*** Begin section ***
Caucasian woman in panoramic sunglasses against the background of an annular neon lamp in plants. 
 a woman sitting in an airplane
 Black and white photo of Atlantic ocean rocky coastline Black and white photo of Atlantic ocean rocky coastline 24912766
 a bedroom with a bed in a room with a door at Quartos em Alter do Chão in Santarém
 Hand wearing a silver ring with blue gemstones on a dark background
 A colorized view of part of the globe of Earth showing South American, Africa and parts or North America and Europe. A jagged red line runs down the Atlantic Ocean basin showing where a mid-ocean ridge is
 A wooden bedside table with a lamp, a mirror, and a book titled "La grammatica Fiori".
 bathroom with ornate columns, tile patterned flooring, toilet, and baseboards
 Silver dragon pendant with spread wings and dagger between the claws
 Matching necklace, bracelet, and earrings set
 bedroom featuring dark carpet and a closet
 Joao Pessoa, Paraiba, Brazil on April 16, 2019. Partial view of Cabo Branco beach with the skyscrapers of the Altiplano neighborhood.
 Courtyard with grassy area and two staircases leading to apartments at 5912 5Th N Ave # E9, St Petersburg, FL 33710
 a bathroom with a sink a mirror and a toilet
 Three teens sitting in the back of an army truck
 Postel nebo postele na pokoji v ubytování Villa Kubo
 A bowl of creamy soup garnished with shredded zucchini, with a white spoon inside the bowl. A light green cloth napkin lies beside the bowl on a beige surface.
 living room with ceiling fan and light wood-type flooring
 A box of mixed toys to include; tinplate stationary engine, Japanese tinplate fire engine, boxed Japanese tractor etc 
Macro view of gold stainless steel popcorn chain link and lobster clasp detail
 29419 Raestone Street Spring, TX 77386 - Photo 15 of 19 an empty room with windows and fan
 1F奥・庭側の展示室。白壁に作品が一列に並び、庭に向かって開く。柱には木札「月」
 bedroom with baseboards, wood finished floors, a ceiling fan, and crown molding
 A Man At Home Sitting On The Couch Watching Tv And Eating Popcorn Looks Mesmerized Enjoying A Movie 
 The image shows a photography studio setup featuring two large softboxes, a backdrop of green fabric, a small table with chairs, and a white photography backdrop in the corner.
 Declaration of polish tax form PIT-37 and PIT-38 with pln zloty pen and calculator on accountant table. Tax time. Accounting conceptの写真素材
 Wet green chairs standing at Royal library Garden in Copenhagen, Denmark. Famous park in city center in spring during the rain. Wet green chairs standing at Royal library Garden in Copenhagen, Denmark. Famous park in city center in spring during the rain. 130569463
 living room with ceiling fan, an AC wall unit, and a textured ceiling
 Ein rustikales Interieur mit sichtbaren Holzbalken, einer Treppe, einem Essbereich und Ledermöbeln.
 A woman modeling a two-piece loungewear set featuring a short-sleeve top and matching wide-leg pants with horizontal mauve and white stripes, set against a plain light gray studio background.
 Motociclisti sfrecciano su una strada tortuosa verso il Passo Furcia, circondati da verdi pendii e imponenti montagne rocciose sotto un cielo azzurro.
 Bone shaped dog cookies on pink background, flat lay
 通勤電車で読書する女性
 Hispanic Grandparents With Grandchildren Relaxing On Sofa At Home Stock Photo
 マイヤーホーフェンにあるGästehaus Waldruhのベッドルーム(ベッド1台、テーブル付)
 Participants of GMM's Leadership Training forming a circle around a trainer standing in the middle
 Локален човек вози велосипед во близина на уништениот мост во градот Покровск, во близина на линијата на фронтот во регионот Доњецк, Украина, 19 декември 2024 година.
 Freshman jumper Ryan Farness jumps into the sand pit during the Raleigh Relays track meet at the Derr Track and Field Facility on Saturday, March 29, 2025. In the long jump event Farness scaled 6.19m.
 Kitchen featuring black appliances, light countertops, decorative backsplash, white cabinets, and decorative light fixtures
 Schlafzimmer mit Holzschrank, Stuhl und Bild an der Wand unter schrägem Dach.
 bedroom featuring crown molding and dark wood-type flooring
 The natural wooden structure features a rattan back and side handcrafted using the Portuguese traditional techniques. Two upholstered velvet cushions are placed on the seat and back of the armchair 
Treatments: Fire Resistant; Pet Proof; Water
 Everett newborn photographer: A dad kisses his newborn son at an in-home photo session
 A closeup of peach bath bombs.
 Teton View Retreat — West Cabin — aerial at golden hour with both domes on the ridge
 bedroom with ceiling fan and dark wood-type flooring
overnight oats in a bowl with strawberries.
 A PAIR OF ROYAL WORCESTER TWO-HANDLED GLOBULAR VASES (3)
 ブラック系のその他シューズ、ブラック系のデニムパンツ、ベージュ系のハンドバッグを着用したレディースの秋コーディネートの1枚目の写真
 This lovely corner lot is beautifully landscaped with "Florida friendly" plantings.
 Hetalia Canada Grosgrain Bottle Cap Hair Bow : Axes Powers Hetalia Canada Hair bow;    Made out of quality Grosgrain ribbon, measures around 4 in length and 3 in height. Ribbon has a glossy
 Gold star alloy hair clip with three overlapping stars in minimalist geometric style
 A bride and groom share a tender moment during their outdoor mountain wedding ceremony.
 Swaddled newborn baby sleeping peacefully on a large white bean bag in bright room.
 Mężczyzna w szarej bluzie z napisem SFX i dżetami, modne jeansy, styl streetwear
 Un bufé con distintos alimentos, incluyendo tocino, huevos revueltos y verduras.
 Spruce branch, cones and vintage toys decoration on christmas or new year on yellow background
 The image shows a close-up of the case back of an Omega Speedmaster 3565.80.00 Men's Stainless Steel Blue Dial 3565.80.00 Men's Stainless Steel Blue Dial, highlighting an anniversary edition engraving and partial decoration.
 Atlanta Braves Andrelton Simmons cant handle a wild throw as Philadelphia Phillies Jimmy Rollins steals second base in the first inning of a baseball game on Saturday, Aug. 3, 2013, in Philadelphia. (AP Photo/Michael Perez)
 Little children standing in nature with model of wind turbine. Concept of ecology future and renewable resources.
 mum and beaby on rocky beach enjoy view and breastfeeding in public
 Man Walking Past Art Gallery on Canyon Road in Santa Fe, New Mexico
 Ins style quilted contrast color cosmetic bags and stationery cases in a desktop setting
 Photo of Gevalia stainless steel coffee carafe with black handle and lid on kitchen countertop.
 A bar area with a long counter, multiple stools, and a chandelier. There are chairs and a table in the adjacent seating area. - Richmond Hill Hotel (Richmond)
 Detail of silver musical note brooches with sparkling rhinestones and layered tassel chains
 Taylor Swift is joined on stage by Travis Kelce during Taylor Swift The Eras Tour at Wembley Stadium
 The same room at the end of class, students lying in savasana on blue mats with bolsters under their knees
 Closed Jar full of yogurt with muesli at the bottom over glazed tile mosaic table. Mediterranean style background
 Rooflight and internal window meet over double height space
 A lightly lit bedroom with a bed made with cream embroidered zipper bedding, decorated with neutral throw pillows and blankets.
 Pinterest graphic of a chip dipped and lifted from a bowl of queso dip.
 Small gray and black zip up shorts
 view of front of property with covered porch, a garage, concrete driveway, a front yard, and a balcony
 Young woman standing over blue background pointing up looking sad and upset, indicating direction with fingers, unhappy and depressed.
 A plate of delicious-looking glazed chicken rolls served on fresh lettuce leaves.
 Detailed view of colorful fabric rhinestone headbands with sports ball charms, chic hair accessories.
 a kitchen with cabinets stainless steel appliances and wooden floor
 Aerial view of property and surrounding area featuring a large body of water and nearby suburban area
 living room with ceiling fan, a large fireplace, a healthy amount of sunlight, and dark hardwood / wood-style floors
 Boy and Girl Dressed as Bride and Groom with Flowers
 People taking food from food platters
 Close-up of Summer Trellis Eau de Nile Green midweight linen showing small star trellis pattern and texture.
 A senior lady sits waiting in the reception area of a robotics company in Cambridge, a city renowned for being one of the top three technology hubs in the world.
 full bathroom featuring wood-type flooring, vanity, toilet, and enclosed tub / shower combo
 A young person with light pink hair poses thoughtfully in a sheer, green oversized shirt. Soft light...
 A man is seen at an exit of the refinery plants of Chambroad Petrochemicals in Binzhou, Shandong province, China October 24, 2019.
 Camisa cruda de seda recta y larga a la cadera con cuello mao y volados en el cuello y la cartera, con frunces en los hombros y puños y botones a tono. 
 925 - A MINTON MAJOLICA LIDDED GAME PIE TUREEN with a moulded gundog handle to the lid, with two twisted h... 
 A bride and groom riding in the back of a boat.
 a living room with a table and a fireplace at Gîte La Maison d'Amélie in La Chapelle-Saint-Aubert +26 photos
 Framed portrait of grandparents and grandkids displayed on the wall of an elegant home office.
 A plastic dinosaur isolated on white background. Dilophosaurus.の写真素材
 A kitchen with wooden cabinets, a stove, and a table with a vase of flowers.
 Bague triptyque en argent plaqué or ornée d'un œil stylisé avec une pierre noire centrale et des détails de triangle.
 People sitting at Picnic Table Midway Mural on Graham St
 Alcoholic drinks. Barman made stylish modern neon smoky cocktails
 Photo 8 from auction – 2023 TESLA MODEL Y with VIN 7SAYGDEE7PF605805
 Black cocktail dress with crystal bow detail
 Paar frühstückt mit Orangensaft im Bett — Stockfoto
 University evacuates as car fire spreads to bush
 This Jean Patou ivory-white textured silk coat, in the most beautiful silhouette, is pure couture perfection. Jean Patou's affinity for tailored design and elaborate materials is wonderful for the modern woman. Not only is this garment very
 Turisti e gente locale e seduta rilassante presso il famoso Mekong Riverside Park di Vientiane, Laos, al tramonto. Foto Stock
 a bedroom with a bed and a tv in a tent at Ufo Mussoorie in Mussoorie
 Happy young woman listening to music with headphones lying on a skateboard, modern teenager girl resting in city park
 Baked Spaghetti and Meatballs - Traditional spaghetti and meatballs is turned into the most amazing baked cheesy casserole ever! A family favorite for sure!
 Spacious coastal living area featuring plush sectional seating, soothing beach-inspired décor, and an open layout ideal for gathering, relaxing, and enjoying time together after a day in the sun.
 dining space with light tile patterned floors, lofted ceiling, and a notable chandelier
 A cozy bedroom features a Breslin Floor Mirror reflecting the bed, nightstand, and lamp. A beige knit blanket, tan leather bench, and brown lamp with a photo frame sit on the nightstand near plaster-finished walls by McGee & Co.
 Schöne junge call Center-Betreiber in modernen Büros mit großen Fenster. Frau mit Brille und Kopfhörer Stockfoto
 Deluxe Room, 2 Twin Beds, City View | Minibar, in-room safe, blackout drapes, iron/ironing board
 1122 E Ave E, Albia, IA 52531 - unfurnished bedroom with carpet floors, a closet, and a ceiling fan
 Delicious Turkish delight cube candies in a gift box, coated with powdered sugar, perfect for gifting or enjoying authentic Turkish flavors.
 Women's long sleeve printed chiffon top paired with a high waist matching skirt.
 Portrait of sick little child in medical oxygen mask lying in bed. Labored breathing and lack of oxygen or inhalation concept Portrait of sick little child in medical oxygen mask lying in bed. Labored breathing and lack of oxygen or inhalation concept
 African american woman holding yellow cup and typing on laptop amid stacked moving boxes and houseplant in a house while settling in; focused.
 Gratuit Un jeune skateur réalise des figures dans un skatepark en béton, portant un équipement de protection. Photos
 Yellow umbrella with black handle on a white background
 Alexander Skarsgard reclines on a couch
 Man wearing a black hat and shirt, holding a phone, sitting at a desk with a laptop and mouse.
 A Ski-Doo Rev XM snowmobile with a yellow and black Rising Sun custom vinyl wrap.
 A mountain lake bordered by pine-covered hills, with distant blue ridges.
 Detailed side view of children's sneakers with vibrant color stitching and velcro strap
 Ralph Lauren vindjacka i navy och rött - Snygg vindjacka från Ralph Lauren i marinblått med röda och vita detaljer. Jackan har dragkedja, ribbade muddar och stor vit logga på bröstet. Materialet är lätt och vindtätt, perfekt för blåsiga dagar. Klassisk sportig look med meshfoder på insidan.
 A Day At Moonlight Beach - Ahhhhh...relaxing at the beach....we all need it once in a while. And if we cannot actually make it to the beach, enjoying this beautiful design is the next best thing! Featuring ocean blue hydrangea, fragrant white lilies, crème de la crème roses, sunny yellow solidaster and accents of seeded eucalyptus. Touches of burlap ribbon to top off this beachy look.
*** End section ***
Pick every line containing the word "toys" out of the material, and copy those lines.

 A box of mixed toys to include; tinplate stationary engine, Japanese tinplate fire engine, boxed Japanese tractor etc 
 Spruce branch, cones and vintage toys decoration on christmas or new year on yellow background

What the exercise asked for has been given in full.